- Records for this exercise
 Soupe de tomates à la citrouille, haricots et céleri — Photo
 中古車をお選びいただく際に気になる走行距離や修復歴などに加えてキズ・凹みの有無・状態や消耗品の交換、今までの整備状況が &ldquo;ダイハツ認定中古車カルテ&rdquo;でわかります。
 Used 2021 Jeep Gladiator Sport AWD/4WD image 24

* * *

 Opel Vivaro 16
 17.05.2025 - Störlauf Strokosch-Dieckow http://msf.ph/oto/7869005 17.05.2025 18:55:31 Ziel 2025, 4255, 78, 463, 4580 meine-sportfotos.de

- Try it
Word for word, restate the lines of the data above that fall between the line holding "Soupe de tomates" and the line holding "Used 2021 Jeep", inclusive, and no other lines.

- Written response
 Soupe de tomates à la citrouille, haricots et céleri — Photo
 中古車をお選びいただく際に気になる走行距離や修復歴などに加えてキズ・凹みの有無・状態や消耗品の交換、今までの整備状況が &ldquo;ダイハツ認定中古車カルテ&rdquo;でわかります。
 Used 2021 Jeep Gladiator Sport AWD/4WD image 24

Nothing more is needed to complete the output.